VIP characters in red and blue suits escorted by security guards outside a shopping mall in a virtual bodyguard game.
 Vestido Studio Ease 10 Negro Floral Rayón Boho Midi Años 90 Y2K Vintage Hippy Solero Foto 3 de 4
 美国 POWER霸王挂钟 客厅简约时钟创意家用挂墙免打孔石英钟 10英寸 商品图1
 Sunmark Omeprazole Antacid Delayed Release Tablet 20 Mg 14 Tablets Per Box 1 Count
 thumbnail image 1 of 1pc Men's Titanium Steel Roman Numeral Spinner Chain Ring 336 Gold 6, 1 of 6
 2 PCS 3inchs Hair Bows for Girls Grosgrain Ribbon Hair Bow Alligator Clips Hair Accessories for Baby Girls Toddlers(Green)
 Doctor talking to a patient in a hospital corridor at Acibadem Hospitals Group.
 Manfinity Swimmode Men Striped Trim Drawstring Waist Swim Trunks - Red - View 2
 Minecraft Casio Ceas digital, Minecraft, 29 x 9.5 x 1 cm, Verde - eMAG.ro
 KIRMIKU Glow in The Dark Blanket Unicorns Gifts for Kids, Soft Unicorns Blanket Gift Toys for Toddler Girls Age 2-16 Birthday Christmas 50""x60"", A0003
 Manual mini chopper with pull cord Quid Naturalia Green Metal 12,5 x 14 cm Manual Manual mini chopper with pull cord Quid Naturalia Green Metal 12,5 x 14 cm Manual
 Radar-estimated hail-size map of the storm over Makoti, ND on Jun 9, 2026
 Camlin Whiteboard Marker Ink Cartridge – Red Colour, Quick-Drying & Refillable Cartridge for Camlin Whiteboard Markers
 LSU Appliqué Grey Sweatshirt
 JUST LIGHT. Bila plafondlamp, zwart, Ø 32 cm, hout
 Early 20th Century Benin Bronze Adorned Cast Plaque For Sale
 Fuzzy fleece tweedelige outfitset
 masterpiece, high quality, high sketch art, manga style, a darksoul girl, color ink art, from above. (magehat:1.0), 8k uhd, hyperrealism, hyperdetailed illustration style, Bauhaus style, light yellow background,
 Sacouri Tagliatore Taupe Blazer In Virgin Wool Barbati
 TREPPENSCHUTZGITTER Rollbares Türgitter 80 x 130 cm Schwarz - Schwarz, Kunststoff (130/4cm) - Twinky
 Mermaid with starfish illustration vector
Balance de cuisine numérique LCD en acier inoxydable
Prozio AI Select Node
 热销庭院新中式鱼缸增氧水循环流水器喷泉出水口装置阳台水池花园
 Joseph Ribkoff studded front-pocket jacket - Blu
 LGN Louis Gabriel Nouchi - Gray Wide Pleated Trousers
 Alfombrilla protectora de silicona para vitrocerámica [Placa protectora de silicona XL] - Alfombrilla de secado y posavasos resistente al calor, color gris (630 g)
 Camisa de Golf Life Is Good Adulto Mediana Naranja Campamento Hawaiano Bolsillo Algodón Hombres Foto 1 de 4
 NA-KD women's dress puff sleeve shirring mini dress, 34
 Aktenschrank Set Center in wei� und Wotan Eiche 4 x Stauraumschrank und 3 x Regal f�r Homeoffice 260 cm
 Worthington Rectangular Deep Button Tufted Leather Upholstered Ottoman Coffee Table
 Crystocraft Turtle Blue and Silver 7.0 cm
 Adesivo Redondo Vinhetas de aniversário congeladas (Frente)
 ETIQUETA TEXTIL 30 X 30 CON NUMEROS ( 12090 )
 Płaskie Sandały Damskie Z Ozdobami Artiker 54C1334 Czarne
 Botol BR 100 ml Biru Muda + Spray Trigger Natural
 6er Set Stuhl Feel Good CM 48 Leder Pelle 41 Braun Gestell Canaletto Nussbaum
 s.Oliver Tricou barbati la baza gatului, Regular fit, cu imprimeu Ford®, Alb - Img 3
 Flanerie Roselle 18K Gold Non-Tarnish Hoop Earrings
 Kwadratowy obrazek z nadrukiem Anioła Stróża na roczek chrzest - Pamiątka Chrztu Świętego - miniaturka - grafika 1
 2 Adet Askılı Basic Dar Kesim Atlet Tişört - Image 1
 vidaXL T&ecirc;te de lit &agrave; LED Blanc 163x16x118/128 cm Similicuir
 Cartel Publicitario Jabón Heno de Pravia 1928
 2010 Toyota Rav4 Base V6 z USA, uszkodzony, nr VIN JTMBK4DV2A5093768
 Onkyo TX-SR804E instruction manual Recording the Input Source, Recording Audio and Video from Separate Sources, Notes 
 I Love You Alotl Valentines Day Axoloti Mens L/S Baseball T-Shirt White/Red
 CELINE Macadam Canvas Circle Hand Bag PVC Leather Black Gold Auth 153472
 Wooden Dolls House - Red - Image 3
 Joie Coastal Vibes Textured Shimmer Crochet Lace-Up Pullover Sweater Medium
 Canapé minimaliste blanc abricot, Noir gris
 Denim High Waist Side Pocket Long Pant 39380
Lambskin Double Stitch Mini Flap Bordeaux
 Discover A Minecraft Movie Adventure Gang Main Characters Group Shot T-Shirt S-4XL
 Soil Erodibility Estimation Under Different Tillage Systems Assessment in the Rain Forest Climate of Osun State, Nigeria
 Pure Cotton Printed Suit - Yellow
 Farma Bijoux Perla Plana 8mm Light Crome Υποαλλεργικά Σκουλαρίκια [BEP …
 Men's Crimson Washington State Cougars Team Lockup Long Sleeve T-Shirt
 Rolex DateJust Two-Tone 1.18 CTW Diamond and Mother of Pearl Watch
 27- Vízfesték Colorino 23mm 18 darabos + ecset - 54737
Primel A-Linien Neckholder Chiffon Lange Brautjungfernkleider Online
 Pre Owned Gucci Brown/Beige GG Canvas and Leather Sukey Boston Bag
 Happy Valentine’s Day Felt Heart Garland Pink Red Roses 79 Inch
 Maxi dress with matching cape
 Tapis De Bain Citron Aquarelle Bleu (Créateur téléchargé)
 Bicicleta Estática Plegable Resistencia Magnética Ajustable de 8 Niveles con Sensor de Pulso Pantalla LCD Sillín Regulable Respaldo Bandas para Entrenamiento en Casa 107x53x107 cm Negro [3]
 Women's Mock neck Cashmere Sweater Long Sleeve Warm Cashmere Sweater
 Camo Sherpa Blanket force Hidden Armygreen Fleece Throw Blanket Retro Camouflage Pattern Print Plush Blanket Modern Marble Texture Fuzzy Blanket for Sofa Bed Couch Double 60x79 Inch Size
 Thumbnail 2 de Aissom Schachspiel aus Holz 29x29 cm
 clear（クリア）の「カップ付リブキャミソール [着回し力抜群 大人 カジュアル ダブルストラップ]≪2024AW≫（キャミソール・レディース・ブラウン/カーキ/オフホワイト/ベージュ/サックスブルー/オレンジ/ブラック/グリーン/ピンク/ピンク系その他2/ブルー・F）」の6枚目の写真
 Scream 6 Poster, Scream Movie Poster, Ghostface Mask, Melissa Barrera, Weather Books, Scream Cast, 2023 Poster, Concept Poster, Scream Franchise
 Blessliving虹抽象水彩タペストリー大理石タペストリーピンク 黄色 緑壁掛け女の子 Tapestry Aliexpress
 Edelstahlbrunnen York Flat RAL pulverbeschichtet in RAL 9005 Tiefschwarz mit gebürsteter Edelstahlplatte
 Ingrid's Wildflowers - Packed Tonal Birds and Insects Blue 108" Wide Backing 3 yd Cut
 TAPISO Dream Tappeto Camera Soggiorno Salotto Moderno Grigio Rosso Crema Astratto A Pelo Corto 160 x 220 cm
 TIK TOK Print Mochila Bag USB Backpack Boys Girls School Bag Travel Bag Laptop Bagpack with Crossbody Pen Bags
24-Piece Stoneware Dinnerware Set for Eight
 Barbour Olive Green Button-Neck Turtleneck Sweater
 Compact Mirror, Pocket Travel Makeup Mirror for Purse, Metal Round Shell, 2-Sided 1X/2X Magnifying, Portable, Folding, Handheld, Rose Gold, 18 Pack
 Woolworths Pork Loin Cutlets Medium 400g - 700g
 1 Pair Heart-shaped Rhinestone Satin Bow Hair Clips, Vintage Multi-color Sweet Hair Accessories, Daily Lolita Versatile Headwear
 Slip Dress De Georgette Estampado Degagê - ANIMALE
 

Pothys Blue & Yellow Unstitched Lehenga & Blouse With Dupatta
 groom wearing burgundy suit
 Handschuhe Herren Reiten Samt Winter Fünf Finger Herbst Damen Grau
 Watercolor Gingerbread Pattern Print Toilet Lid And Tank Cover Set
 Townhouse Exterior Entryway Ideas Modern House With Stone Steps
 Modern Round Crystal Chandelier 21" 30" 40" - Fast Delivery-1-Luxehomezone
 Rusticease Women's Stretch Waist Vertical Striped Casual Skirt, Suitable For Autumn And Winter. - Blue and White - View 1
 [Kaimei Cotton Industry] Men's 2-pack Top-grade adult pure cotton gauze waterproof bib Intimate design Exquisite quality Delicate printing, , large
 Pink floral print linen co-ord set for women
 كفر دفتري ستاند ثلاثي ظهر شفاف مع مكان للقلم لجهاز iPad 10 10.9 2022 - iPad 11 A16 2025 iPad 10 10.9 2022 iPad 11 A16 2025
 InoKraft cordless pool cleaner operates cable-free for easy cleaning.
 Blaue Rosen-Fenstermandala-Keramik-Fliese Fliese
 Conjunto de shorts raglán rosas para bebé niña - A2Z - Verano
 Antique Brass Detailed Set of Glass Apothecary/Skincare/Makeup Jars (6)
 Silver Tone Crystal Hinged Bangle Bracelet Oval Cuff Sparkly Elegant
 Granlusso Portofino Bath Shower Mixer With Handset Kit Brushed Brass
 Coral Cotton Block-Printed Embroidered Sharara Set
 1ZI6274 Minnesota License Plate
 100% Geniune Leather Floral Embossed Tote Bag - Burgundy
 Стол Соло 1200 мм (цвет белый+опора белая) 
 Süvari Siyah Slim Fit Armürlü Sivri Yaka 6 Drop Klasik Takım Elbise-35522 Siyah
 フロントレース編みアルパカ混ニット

________________________

Which lines in the data above contain "from"? Show each one.

## WRITTEN ANSWER
 masterpiece, high quality, high sketch art, manga style, a darksoul girl, color ink art, from above. (magehat:1.0), 8k uhd, hyperrealism, hyperdetailed illustration style, Bauhaus style, light yellow background,
 Onkyo TX-SR804E instruction manual Recording the Input Source, Recording Audio and Video from Separate Sources, Notes 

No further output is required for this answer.